Data supplied Start Marker

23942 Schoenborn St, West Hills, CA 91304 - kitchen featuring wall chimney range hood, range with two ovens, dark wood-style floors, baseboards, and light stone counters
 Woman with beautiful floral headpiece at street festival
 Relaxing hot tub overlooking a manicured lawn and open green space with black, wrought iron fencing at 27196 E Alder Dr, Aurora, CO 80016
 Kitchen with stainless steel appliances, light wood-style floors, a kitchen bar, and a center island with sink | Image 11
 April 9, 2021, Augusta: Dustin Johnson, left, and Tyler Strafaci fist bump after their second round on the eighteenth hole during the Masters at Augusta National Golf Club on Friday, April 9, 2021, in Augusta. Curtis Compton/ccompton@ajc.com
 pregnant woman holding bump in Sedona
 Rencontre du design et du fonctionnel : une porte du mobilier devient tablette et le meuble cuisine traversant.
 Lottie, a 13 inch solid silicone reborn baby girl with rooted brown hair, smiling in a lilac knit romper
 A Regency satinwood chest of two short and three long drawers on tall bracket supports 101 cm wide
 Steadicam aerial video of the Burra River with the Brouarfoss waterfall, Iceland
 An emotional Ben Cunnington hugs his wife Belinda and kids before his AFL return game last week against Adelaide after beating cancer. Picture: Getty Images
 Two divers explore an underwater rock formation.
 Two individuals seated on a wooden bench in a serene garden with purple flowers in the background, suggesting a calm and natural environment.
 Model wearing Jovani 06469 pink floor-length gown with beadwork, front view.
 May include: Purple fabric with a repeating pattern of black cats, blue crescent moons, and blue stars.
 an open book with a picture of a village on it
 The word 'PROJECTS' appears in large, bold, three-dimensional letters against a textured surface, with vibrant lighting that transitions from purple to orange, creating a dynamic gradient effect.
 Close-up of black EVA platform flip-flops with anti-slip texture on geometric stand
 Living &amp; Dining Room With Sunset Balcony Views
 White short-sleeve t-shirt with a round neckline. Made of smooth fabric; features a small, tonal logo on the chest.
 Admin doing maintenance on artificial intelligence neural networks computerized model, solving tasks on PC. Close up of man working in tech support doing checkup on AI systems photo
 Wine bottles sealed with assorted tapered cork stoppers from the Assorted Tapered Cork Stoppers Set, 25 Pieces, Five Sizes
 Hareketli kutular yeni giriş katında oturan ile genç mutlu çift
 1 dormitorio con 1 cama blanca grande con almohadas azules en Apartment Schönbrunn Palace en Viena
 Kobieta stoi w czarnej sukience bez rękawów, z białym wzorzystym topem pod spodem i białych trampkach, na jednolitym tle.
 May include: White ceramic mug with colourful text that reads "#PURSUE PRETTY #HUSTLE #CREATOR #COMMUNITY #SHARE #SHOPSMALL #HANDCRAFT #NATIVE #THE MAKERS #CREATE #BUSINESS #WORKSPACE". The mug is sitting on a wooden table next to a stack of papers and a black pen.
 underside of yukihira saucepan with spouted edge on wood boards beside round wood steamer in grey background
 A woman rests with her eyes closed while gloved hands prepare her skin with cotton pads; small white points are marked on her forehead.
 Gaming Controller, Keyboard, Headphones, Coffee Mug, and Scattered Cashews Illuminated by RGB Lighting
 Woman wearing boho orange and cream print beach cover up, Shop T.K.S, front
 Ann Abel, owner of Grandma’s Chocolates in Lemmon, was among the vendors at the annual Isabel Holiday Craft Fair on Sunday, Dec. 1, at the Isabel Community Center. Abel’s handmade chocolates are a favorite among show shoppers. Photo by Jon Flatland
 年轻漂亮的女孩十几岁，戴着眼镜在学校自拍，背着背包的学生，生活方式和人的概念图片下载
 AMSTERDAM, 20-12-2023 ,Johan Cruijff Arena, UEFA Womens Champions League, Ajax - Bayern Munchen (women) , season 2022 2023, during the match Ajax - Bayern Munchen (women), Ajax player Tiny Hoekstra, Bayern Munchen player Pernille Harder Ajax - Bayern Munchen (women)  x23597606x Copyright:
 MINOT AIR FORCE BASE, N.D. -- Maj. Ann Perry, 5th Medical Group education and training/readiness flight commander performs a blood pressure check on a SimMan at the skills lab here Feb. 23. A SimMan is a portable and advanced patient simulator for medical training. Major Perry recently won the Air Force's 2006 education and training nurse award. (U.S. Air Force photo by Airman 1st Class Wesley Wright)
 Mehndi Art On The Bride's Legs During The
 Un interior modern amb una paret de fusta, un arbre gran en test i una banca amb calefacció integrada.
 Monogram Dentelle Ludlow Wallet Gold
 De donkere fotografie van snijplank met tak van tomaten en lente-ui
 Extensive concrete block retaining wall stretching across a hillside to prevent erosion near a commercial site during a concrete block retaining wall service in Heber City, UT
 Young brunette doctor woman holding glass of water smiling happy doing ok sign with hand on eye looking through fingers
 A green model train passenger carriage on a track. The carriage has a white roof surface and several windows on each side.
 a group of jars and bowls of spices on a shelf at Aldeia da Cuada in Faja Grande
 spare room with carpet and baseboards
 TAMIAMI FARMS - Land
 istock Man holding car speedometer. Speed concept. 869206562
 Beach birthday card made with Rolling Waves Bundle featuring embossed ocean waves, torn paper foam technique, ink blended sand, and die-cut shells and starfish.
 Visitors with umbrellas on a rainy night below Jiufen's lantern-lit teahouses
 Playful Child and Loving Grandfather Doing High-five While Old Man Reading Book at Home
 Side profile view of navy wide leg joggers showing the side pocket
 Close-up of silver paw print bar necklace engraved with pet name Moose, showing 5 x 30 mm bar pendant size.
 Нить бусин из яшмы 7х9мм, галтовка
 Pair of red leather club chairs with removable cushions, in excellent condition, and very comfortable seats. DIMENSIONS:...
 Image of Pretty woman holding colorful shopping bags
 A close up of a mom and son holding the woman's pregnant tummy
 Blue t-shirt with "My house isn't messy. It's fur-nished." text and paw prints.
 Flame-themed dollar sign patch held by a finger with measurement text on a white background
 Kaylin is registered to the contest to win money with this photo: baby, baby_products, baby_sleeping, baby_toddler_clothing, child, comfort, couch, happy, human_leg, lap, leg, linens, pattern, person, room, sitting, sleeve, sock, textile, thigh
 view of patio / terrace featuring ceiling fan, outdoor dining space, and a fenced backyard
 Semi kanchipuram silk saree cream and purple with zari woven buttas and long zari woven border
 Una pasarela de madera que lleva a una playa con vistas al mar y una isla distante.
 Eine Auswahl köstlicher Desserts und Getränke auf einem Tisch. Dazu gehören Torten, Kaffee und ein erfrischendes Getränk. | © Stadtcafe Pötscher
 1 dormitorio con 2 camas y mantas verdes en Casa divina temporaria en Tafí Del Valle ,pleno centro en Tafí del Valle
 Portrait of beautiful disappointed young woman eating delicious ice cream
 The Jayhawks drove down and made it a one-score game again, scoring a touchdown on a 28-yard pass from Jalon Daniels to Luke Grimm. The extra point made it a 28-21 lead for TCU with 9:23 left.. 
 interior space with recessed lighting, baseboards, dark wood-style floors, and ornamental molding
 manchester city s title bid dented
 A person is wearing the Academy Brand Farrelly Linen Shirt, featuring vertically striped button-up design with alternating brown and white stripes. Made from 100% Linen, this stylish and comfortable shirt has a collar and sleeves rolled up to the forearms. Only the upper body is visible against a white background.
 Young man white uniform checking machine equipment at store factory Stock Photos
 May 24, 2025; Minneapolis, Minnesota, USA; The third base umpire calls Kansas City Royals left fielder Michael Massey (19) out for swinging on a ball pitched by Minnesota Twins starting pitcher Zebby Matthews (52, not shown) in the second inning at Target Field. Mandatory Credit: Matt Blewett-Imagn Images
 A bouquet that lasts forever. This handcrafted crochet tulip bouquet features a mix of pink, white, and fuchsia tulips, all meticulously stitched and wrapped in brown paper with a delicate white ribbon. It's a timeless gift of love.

Data supplied End Marker

Description of the task:
Please retype each entry above exactly as it is written.

Task solution:
23942 Schoenborn St, West Hills, CA 91304 - kitchen featuring wall chimney range hood, range with two ovens, dark wood-style floors, baseboards, and light stone counters
 Woman with beautiful floral headpiece at street festival
 Relaxing hot tub overlooking a manicured lawn and open green space with black, wrought iron fencing at 27196 E Alder Dr, Aurora, CO 80016
 Kitchen with stainless steel appliances, light wood-style floors, a kitchen bar, and a center island with sink | Image 11
 April 9, 2021, Augusta: Dustin Johnson, left, and Tyler Strafaci fist bump after their second round on the eighteenth hole during the Masters at Augusta National Golf Club on Friday, April 9, 2021, in Augusta. Curtis Compton/ccompton@ajc.com
 pregnant woman holding bump in Sedona
 Rencontre du design et du fonctionnel : une porte du mobilier devient tablette et le meuble cuisine traversant.
 Lottie, a 13 inch solid silicone reborn baby girl with rooted brown hair, smiling in a lilac knit romper
 A Regency satinwood chest of two short and three long drawers on tall bracket supports 101 cm wide
 Steadicam aerial video of the Burra River with the Brouarfoss waterfall, Iceland
 An emotional Ben Cunnington hugs his wife Belinda and kids before his AFL return game last week against Adelaide after beating cancer. Picture: Getty Images
 Two divers explore an underwater rock formation.
 Two individuals seated on a wooden bench in a serene garden with purple flowers in the background, suggesting a calm and natural environment.
 Model wearing Jovani 06469 pink floor-length gown with beadwork, front view.
 May include: Purple fabric with a repeating pattern of black cats, blue crescent moons, and blue stars.
 an open book with a picture of a village on it
 The word 'PROJECTS' appears in large, bold, three-dimensional letters against a textured surface, with vibrant lighting that transitions from purple to orange, creating a dynamic gradient effect.
 Close-up of black EVA platform flip-flops with anti-slip texture on geometric stand
 Living &amp; Dining Room With Sunset Balcony Views
 White short-sleeve t-shirt with a round neckline. Made of smooth fabric; features a small, tonal logo on the chest.
 Admin doing maintenance on artificial intelligence neural networks computerized model, solving tasks on PC. Close up of man working in tech support doing checkup on AI systems photo
 Wine bottles sealed with assorted tapered cork stoppers from the Assorted Tapered Cork Stoppers Set, 25 Pieces, Five Sizes
 Hareketli kutular yeni giriş katında oturan ile genç mutlu çift
 1 dormitorio con 1 cama blanca grande con almohadas azules en Apartment Schönbrunn Palace en Viena
 Kobieta stoi w czarnej sukience bez rękawów, z białym wzorzystym topem pod spodem i białych trampkach, na jednolitym tle.
 May include: White ceramic mug with colourful text that reads "#PURSUE PRETTY #HUSTLE #CREATOR #COMMUNITY #SHARE #SHOPSMALL #HANDCRAFT #NATIVE #THE MAKERS #CREATE #BUSINESS #WORKSPACE". The mug is sitting on a wooden table next to a stack of papers and a black pen.
 underside of yukihira saucepan with spouted edge on wood boards beside round wood steamer in grey background
 A woman rests with her eyes closed while gloved hands prepare her skin with cotton pads; small white points are marked on her forehead.
 Gaming Controller, Keyboard, Headphones, Coffee Mug, and Scattered Cashews Illuminated by RGB Lighting
 Woman wearing boho orange and cream print beach cover up, Shop T.K.S, front
 Ann Abel, owner of Grandma’s Chocolates in Lemmon, was among the vendors at the annual Isabel Holiday Craft Fair on Sunday, Dec. 1, at the Isabel Community Center. Abel’s handmade chocolates are a favorite among show shoppers. Photo by Jon Flatland
 年轻漂亮的女孩十几岁，戴着眼镜在学校自拍，背着背包的学生，生活方式和人的概念图片下载
 AMSTERDAM, 20-12-2023 ,Johan Cruijff Arena, UEFA Womens Champions League, Ajax - Bayern Munchen (women) , season 2022 2023, during the match Ajax - Bayern Munchen (women), Ajax player Tiny Hoekstra, Bayern Munchen player Pernille Harder Ajax - Bayern Munchen (women)  x23597606x Copyright:
 MINOT AIR FORCE BASE, N.D. -- Maj. Ann Perry, 5th Medical Group education and training/readiness flight commander performs a blood pressure check on a SimMan at the skills lab here Feb. 23. A SimMan is a portable and advanced patient simulator for medical training. Major Perry recently won the Air Force's 2006 education and training nurse award. (U.S. Air Force photo by Airman 1st Class Wesley Wright)
 Mehndi Art On The Bride's Legs During The
 Un interior modern amb una paret de fusta, un arbre gran en test i una banca amb calefacció integrada.
 Monogram Dentelle Ludlow Wallet Gold
 De donkere fotografie van snijplank met tak van tomaten en lente-ui
 Extensive concrete block retaining wall stretching across a hillside to prevent erosion near a commercial site during a concrete block retaining wall service in Heber City, UT
 Young brunette doctor woman holding glass of water smiling happy doing ok sign with hand on eye looking through fingers
 A green model train passenger carriage on a track. The carriage has a white roof surface and several windows on each side.
 a group of jars and bowls of spices on a shelf at Aldeia da Cuada in Faja Grande
 spare room with carpet and baseboards
 TAMIAMI FARMS - Land
 istock Man holding car speedometer. Speed concept. 869206562
 Beach birthday card made with Rolling Waves Bundle featuring embossed ocean waves, torn paper foam technique, ink blended sand, and die-cut shells and starfish.
 Visitors with umbrellas on a rainy night below Jiufen's lantern-lit teahouses
 Playful Child and Loving Grandfather Doing High-five While Old Man Reading Book at Home
 Side profile view of navy wide leg joggers showing the side pocket
 Close-up of silver paw print bar necklace engraved with pet name Moose, showing 5 x 30 mm bar pendant size.
 Нить бусин из яшмы 7х9мм, галтовка
 Pair of red leather club chairs with removable cushions, in excellent condition, and very comfortable seats. DIMENSIONS:...
 Image of Pretty woman holding colorful shopping bags
 A close up of a mom and son holding the woman's pregnant tummy
 Blue t-shirt with "My house isn't messy. It's fur-nished." text and paw prints.
 Flame-themed dollar sign patch held by a finger with measurement text on a white background
 Kaylin is registered to the contest to win money with this photo: baby, baby_products, baby_sleeping, baby_toddler_clothing, child, comfort, couch, happy, human_leg, lap, leg, linens, pattern, person, room, sitting, sleeve, sock, textile, thigh
 view of patio / terrace featuring ceiling fan, outdoor dining space, and a fenced backyard
 Semi kanchipuram silk saree cream and purple with zari woven buttas and long zari woven border
 Una pasarela de madera que lleva a una playa con vistas al mar y una isla distante.
 Eine Auswahl köstlicher Desserts und Getränke auf einem Tisch. Dazu gehören Torten, Kaffee und ein erfrischendes Getränk. | © Stadtcafe Pötscher
 1 dormitorio con 2 camas y mantas verdes en Casa divina temporaria en Tafí Del Valle ,pleno centro en Tafí del Valle
 Portrait of beautiful disappointed young woman eating delicious ice cream
 The Jayhawks drove down and made it a one-score game again, scoring a touchdown on a 28-yard pass from Jalon Daniels to Luke Grimm. The extra point made it a 28-21 lead for TCU with 9:23 left.. 
 interior space with recessed lighting, baseboards, dark wood-style floors, and ornamental molding
 manchester city s title bid dented
 A person is wearing the Academy Brand Farrelly Linen Shirt, featuring vertically striped button-up design with alternating brown and white stripes. Made from 100% Linen, this stylish and comfortable shirt has a collar and sleeves rolled up to the forearms. Only the upper body is visible against a white background.
 Young man white uniform checking machine equipment at store factory Stock Photos
 May 24, 2025; Minneapolis, Minnesota, USA; The third base umpire calls Kansas City Royals left fielder Michael Massey (19) out for swinging on a ball pitched by Minnesota Twins starting pitcher Zebby Matthews (52, not shown) in the second inning at Target Field. Mandatory Credit: Matt Blewett-Imagn Images
 A bouquet that lasts forever. This handcrafted crochet tulip bouquet features a mix of pink, white, and fuchsia tulips, all meticulously stitched and wrapped in brown paper with a delicate white ribbon. It's a timeless gift of love.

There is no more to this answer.